The CPRS will also have consequences for financiers that have lent money to or have invested in entities that are liable under the scheme.

The CPRS will impose additional costs on borrowers, which may include the cost of acquiring permits and increased expenditure on capital items to reduce emissions or increase energy efficiency.

The facility agreements and supporting security documents between liable entities (in their capacity as borrowers) and their financiers could call for a review of the loan arrangements if these costs will or could have a significant impact on the borrowers' assets and/or revenue stream.

A lender's review may entail assessment of the impact of CPRS obligations on the borrower's with the obligation in the facility agreement to comply with all relevant laws and obligations, which would include the CPRS once legislation implementing the scheme is passed.

The lender may also need to consider the possibility of taking security over the permits, which the borrower is obliged to acquire under the CPRS.

There is currently some uncertainty surrounding the precise nature of the scheme that the government intends to introduce to reduce national greenhouse emissions. Nevertheless, the White Paper is likely to form the basis for the government's approach.

Accordingly, we consider that it would be prudent for financiers to use the White Paper as a basis to undertake a comprehensive risk assessment of the implications of the CPRS for their facility agreements with entities that may be liable under the CPRS, particularly in light of the current global economic crisis.

Such a risk assessment will involve consideration of each of the relevant elements of the CPRS to determine the likely impact and probability of consequences for liable entities.

The risk assessment may need to be reviewed when the CPRS legislation is finally released. This paper will help guide financiers in undertaking that risk assessment and will assist in determining what action needs to be taken, if any, to protect their financial position prior to the implementation of the CPRS.

FRAMEWORK FOR A FINANCIER'S RISK ASSESSMENT OF THE CPRS

Objectives

It is important to articulate the objectives underlying a risk assessment of the CPRS as this will affect the nature of the assessment undertaken. More specifically, the objectives will help determine the criteria to be used to assess the overall level of risk associated with a particular aspect of the scheme.

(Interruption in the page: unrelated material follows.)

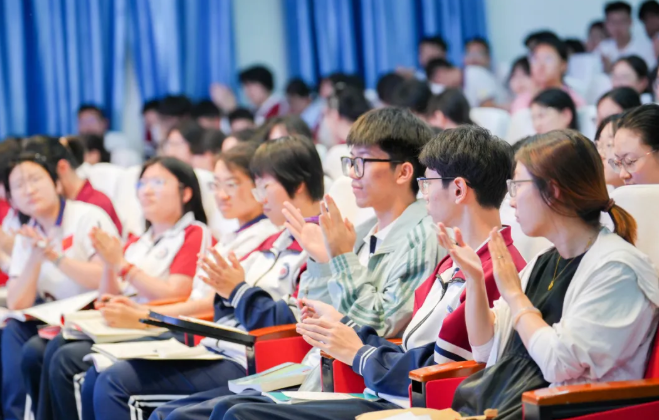 学生课堂现场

For financiers, the objective is clear: to determine whether obligations under the CPRS will or may affect the borrower's assets and/or revenue stream.

This will entail determination of whether a borrower is liable under the CPRS, the extent of liability and whether such liability will or could have a significant impact on the borrowers' assets and/or revenue stream.

Some CPRS obligations will entail a greater risk of affecting borrowers assets and/or revenue stream than others. A comprehensive risk assessment will allow financiers to rank CPRS obligations and monitor how individual borrowers are addressing the high risk provisions.

This will place financiers in a better position to decide upon appropriate action to ensure borrowers adequately address the risk before and after the CPRS comes into effect so as to avoid an adverse impact upon their business.

Criteria

'Risk' is most commonly defined in terms of the expected impact that may be caused by a situation or event and the probability of that situation or event occurring. Generally speaking, the greater the impact and probability, the higher the overall risk.

Applying these elements in the CPRS context, a financier's risk assessment will entail consideration of the actual or possible impact of each relevant element of the CPRS on the borrower's assets and/or revenue stream and the probability of that impact occurring.

Impact Factors

There will be several dimensions to the consideration of impact under the CPRS. In particular, it will be important to understand both:

  • the nature of the impact: that is, whether or not the particular CPRS obligation affects the borrower's assets and revenue stream and, if so, how; and
  • the degree of impact: that is, the extent to which the CPRS obligation affects the borrower's assets and revenue stream.

Financiers need only be concerned if obligations under the CPRS are of a kind that will significantly affect the borrowers' assets and/or revenue stream in the medium to long term.

There are a number of obligations in the CPRS that impose on-going costs on liable entities, some of which may be significant. These types of obligations are likely to be ranked by financiers as having a 'high impact' and, depending upon the probability of the impact eventuating, need to be closely monitored by financiers.

Obligation To Acquire And Surrender Permits

Under the CPRS, entities are free to emit greenhouse gases at whatever level they choose. However, if they do decide to emit, they are obliged to acquire and surrender a permit for every tonne of greenhouse gases emitted in a particular year.

The impact of the obligation to acquire and surrender permits on a borrower's assets and revenue stream will depend upon a variety of factors, including:

  • the number of permits that must be obtained (corresponding to the level of the borrower's emissions)
  • the timing of permit acquisition
  • the prevailing price for permits

Large emitters, like the coal-fired generators, will bear the heaviest liability under the CPRS. These entities have limited ability to pass on the costs of meeting their liability under the CPRS to consumers because they compete with other less emissions-intensive generators whose CPRS liability will not be as great. Consequently, the impact on their assets and revenue of this CPRS obligation is likely to be significant.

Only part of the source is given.